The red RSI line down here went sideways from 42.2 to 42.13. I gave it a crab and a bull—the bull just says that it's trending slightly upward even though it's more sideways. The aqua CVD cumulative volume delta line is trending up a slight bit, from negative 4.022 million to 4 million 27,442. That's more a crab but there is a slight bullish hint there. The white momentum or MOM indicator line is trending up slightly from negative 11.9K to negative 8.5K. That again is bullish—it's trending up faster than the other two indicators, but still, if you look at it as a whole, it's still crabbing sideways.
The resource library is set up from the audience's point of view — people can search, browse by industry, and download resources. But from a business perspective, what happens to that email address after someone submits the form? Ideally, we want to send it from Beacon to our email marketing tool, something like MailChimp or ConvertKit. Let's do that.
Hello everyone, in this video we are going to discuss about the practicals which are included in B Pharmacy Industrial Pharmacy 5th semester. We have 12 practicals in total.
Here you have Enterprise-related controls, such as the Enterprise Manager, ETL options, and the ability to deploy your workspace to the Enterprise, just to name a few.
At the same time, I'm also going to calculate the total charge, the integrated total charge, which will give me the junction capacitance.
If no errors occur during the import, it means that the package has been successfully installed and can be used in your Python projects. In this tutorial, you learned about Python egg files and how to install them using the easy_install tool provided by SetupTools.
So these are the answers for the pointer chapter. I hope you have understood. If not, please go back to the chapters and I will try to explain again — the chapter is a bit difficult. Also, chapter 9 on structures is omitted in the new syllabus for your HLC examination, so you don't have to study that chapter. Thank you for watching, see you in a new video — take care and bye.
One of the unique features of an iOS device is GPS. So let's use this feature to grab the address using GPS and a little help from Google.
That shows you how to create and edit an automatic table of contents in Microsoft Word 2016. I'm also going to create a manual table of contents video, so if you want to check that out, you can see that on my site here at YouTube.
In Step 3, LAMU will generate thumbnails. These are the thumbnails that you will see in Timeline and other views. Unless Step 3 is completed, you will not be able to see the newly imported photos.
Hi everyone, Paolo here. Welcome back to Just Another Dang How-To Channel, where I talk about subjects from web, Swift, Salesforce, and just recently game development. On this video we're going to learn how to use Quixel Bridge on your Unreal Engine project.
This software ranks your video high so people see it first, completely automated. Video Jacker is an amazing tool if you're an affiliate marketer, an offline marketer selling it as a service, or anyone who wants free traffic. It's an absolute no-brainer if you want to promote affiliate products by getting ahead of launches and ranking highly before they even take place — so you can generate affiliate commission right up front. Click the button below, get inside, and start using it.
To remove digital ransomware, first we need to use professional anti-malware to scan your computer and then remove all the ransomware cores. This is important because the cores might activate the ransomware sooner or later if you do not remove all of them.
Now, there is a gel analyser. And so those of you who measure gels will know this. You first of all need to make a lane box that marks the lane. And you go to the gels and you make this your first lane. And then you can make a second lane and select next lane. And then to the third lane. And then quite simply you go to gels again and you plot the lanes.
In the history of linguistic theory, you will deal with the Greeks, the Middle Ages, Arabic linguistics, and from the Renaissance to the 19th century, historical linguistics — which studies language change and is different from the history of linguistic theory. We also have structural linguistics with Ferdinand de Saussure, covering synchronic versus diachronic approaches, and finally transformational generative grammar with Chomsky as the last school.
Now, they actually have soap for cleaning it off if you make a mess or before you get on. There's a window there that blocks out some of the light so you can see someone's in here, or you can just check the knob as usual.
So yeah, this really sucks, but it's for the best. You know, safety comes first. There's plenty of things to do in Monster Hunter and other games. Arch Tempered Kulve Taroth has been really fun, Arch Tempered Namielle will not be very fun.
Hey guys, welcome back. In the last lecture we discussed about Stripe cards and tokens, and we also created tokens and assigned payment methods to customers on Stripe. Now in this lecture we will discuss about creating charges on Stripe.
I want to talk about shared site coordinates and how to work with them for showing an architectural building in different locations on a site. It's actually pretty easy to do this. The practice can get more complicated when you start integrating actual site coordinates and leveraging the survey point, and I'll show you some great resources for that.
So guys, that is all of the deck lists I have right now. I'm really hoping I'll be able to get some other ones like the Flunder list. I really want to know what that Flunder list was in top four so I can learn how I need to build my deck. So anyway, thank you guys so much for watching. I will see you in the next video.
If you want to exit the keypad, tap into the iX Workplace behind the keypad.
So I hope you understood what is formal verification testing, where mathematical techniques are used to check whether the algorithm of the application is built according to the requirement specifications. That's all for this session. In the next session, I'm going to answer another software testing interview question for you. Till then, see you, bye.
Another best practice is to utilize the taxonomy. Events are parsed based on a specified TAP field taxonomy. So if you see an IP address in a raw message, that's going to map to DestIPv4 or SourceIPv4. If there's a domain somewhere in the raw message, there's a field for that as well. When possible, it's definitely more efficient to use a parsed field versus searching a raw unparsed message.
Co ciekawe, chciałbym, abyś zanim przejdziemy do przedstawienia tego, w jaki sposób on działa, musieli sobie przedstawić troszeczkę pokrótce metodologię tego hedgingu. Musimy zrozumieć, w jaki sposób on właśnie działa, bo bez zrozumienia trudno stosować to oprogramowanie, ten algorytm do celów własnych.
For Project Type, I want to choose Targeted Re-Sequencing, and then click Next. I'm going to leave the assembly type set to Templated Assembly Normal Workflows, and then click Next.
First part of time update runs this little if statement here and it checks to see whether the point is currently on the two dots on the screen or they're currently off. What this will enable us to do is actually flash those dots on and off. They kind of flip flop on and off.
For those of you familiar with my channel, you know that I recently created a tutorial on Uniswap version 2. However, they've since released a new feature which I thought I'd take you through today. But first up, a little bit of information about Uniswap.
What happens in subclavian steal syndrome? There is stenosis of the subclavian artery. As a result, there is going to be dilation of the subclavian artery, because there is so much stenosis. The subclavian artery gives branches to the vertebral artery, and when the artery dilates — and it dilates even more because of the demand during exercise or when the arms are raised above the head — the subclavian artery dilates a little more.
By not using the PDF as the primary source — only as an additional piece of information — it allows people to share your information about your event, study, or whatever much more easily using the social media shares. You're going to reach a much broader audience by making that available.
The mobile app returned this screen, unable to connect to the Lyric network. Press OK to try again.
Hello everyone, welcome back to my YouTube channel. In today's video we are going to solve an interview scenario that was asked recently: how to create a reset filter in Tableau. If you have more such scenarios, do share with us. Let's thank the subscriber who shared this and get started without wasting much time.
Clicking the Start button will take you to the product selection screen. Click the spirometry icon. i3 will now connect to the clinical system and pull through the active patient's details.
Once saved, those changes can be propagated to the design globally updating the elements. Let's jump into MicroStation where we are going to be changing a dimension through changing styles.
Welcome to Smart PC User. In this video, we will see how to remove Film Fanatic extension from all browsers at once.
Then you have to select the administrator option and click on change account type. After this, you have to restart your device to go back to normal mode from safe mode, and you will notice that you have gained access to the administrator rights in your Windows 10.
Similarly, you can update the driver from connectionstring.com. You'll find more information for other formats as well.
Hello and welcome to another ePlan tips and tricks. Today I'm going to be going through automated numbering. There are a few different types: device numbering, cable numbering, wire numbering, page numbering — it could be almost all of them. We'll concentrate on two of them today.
====
• YOUR OBJECTIVE
Filter the entries down to the lines with the word "screen" in them, and copy those lines.

• SOLUTION TO THIS TASK
First part of time update runs this little if statement here and it checks to see whether the point is currently on the two dots on the screen or they're currently off. What this will enable us to do is actually flash those dots on and off. They kind of flip flop on and off.
The mobile app returned this screen, unable to connect to the Lyric network. Press OK to try again.
Clicking the Start button will take you to the product selection screen. Click the spirometry icon. i3 will now connect to the clinical system and pull through the active patient's details.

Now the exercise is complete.